A mesmerizing cluster of stars scattered all over the sky holds something we did not know about. A little secret that is yet to be unfolded, a swarm of over 100 stellar-mass black holes.
This discovery has the possibility of explaining how the cluster came into existence with its stars scattered light-years away from each other, looking like a stellar stream stretching across 30,000 light-years.
Such star clusters are known as fossils of the early Universe, and the one we are particularly speaking of is the Palomar 5, located around 80,000 light-years. These clusters often contain old and dense stars spherical in shape like NGC 6397, typically as old as the existence of the mighty Universe. Each cluster holds approximately 100,000 to 1 million stars.
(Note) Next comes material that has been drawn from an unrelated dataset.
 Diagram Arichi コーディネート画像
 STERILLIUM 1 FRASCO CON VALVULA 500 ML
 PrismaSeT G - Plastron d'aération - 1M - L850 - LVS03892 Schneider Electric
The Milky Way has about 150 globular clusters formed at once from the same gas cloud, which is the case with every globular cluster. These clusters can help in a great deal studying the history of the Universe or the dark matter content of the galaxies they orbit.
Tidal streams, another star cluster recently in the spotlight, are long rivers of stars spreading across the sky. Further streams like these are brought to people’s knowledge by Gaia space observatory that map the Milky way with great accuracy.
“We do not know how these streams form, but one idea is that they are disrupted star clusters,” astrophysicist Mark Gieles at the University of Barcelona in Spain explained.
“However, none of the recently discovered streams has a star cluster associated with them, hence we cannot be sure. So, to understand how these streams formed, we need to study one with a stellar system associated with it. Palomar 5 is the only case, making it a Rosetta Stone for understanding stream formation, and that is why we studied it in detail.”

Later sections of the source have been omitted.